Produce the records below again, word for word, but stop after the line that contains "Иммунное микроокружение рака мочевого пузыря".

MATERIAL PROVIDED:
* * *
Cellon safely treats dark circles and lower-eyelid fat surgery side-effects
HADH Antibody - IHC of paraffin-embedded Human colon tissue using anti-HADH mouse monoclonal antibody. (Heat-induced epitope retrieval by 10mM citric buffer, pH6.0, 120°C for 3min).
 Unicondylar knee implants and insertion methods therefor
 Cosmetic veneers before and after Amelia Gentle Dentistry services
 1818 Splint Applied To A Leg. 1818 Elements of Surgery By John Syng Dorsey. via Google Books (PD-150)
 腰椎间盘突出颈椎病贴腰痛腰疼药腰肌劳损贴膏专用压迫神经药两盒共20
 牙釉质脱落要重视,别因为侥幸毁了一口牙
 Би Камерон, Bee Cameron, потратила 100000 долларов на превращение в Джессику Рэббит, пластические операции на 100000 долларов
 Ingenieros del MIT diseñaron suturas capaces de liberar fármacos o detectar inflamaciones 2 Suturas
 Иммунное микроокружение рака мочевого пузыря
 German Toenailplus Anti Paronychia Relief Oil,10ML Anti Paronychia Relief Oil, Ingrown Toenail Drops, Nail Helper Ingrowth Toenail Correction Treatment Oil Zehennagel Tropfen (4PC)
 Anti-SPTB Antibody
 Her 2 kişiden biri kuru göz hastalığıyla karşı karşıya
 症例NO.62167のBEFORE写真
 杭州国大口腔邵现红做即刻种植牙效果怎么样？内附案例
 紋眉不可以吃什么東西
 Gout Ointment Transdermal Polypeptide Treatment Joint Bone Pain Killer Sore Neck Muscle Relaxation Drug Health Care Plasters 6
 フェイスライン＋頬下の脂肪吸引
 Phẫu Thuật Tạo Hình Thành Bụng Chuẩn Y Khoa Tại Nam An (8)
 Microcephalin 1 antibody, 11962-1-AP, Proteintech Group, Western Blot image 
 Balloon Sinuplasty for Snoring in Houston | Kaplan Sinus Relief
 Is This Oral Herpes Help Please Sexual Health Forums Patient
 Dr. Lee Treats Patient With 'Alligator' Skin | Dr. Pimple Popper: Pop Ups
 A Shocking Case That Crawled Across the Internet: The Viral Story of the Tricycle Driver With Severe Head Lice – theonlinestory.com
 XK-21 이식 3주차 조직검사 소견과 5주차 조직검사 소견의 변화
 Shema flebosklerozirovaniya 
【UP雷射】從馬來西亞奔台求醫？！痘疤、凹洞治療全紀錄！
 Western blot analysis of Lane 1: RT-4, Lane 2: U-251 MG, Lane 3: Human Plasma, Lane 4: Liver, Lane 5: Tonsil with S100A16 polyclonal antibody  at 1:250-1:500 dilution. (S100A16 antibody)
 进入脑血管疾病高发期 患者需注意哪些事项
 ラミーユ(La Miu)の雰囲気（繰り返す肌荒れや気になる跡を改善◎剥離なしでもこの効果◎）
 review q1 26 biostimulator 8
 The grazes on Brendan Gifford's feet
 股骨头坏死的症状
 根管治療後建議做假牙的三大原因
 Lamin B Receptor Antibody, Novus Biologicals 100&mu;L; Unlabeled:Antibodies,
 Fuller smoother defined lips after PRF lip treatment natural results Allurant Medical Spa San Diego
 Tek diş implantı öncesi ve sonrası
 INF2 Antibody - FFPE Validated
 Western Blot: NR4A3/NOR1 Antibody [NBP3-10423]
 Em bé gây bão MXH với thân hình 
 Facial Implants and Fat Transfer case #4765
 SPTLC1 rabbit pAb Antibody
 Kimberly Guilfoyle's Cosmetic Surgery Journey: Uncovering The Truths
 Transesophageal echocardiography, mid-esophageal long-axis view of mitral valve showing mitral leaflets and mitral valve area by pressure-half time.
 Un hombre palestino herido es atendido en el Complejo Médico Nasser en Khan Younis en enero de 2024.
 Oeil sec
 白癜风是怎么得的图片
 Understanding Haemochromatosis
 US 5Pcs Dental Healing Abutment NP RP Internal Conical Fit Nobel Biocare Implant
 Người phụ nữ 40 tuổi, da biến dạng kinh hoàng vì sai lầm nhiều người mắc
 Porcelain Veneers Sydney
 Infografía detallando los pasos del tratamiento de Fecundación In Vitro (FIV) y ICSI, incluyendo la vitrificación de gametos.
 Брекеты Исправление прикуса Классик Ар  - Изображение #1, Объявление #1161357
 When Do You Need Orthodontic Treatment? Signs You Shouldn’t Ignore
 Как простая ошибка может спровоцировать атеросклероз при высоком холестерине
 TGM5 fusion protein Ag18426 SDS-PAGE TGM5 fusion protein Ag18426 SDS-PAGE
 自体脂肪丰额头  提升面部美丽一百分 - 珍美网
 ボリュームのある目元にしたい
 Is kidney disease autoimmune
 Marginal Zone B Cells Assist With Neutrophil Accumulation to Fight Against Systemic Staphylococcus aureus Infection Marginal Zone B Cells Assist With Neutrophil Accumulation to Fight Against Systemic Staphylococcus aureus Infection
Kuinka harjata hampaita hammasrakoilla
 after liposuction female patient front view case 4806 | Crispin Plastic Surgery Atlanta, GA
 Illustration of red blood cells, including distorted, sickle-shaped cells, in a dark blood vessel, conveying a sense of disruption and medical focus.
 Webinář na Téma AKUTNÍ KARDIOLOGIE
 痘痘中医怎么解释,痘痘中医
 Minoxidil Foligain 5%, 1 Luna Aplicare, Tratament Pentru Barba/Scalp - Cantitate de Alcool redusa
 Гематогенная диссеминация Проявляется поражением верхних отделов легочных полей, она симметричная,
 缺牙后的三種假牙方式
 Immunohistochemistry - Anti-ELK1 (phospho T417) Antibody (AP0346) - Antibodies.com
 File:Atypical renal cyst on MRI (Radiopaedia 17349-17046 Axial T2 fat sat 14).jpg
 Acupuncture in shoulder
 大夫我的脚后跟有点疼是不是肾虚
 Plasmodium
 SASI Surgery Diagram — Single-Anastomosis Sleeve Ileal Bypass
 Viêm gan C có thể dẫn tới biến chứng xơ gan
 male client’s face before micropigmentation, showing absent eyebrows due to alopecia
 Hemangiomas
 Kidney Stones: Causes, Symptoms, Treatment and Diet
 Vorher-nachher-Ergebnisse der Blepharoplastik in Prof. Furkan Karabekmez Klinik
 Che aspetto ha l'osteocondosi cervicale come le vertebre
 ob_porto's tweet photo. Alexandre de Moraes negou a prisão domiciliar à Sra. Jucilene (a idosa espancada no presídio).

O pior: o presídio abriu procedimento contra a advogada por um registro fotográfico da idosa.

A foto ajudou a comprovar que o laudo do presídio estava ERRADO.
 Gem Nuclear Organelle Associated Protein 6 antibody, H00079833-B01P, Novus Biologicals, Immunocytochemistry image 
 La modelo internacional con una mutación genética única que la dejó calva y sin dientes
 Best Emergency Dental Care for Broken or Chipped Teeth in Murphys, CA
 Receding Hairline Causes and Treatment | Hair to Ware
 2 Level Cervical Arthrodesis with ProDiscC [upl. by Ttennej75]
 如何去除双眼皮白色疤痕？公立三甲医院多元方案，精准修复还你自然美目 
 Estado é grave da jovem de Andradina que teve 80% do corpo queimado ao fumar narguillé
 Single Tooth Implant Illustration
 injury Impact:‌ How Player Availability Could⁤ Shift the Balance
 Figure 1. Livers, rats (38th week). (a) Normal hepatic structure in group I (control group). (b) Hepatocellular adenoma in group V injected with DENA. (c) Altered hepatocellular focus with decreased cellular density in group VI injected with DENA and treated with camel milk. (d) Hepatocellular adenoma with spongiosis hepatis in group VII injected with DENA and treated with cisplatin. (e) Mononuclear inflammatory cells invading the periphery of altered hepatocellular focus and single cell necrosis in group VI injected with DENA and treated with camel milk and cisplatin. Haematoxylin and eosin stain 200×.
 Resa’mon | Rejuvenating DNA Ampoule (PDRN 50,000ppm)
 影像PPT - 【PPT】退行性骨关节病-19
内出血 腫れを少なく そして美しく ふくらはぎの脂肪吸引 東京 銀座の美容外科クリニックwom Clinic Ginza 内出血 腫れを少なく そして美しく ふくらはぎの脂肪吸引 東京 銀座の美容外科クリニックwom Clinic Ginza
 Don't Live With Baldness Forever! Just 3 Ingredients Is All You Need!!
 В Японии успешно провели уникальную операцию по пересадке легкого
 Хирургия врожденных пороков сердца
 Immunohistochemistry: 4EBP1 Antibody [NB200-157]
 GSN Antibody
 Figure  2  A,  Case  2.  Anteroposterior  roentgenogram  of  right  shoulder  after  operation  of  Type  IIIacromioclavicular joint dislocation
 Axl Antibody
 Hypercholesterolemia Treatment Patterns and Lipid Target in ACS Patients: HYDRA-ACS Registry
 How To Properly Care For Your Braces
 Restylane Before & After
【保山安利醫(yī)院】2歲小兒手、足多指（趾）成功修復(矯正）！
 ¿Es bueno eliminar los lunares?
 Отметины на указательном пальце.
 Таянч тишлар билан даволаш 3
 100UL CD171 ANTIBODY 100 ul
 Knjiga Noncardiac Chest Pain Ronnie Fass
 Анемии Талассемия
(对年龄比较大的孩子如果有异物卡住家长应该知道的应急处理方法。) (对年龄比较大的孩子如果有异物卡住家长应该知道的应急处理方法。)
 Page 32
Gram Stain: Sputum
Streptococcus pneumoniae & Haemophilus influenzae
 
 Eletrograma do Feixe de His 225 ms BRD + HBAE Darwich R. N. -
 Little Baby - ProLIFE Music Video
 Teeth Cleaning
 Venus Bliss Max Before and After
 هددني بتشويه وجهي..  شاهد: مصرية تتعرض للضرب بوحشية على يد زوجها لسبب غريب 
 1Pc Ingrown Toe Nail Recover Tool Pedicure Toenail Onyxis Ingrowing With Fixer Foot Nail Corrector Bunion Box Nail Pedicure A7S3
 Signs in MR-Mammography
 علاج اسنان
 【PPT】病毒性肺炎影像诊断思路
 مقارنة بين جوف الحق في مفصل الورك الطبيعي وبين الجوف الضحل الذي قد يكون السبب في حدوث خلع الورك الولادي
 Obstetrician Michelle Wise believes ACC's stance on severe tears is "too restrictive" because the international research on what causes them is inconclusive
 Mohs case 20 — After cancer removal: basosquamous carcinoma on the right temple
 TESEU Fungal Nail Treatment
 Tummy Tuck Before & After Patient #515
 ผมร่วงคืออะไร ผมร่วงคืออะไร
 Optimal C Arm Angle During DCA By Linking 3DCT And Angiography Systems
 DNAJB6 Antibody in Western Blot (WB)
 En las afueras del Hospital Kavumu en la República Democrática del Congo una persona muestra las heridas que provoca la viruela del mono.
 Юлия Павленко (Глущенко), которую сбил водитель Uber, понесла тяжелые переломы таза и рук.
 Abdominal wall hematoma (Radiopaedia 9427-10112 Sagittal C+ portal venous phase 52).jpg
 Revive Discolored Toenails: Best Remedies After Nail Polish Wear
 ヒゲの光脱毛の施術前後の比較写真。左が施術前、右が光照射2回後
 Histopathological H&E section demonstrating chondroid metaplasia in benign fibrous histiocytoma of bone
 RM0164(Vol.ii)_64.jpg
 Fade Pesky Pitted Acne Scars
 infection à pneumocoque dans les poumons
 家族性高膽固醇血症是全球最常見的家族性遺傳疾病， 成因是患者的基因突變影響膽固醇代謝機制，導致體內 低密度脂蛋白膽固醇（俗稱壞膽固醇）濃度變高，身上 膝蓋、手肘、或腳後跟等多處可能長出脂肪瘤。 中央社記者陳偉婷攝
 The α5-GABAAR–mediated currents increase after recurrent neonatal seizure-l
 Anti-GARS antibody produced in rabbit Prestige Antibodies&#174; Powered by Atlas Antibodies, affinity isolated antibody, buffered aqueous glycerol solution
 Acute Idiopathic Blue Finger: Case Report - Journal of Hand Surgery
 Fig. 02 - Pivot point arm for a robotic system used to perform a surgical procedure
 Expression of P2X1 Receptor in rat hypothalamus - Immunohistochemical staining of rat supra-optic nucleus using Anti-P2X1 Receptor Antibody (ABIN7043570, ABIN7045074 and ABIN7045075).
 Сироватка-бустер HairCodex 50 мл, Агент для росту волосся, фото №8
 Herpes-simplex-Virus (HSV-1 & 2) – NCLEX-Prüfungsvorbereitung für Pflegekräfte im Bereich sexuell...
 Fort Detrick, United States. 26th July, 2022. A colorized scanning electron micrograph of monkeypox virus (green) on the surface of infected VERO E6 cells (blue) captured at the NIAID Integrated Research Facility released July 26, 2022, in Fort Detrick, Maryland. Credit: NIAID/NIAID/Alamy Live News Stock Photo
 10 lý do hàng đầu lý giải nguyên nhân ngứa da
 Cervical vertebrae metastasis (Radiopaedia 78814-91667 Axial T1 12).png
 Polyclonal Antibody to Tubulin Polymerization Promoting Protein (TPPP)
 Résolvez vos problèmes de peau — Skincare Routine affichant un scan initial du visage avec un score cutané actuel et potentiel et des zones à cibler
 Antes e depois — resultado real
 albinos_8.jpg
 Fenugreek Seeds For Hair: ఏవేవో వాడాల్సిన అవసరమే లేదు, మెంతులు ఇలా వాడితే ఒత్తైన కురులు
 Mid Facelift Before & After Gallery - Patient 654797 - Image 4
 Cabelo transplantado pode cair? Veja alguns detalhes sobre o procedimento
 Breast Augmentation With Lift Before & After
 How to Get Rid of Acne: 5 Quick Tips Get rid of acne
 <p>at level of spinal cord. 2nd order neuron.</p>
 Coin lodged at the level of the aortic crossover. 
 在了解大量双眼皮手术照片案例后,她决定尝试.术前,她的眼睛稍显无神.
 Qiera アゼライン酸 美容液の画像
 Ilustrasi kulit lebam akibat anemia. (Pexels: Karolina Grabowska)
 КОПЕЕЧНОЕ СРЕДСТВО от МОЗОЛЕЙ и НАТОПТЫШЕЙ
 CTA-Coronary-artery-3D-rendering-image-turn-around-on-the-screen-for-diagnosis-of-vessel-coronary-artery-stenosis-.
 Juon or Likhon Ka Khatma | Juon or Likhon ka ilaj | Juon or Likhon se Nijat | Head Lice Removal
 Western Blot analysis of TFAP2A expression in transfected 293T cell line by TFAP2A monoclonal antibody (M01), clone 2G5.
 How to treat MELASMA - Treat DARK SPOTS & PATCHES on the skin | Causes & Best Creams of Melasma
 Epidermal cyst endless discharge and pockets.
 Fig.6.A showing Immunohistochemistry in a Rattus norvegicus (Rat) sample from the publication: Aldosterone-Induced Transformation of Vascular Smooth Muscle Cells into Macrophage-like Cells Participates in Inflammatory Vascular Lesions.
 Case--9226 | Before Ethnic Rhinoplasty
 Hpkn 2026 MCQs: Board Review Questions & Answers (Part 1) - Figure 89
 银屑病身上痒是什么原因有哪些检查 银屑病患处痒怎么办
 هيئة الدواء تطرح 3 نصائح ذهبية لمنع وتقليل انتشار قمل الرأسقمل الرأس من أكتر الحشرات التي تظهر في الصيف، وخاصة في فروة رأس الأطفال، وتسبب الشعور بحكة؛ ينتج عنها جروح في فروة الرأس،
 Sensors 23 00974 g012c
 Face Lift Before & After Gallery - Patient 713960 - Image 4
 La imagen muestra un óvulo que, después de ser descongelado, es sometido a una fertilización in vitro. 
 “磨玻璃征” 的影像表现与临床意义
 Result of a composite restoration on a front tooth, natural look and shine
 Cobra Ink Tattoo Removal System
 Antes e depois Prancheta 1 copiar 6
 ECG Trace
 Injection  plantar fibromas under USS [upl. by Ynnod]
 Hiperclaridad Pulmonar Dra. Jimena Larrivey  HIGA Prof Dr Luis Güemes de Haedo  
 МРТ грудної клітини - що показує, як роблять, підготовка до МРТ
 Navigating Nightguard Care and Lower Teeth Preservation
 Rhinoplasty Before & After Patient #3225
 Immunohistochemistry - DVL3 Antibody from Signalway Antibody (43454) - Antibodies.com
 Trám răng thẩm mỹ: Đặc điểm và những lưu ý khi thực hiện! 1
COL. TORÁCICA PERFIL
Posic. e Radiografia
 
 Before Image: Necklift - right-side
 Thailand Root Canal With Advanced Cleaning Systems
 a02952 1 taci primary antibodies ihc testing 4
* * *
WRITTEN SOLUTION:
Cellon safely treats dark circles and lower-eyelid fat surgery side-effects
HADH Antibody - IHC of paraffin-embedded Human colon tissue using anti-HADH mouse monoclonal antibody. (Heat-induced epitope retrieval by 10mM citric buffer, pH6.0, 120°C for 3min).
 Unicondylar knee implants and insertion methods therefor
 Cosmetic veneers before and after Amelia Gentle Dentistry services
 1818 Splint Applied To A Leg. 1818 Elements of Surgery By John Syng Dorsey. via Google Books (PD-150)
 腰椎间盘突出颈椎病贴腰痛腰疼药腰肌劳损贴膏专用压迫神经药两盒共20
 牙釉质脱落要重视,别因为侥幸毁了一口牙
 Би Камерон, Bee Cameron, потратила 100000 долларов на превращение в Джессику Рэббит, пластические операции на 100000 долларов
 Ingenieros del MIT diseñaron suturas capaces de liberar fármacos o detectar inflamaciones 2 Suturas
 Иммунное микроокружение рака мочевого пузыря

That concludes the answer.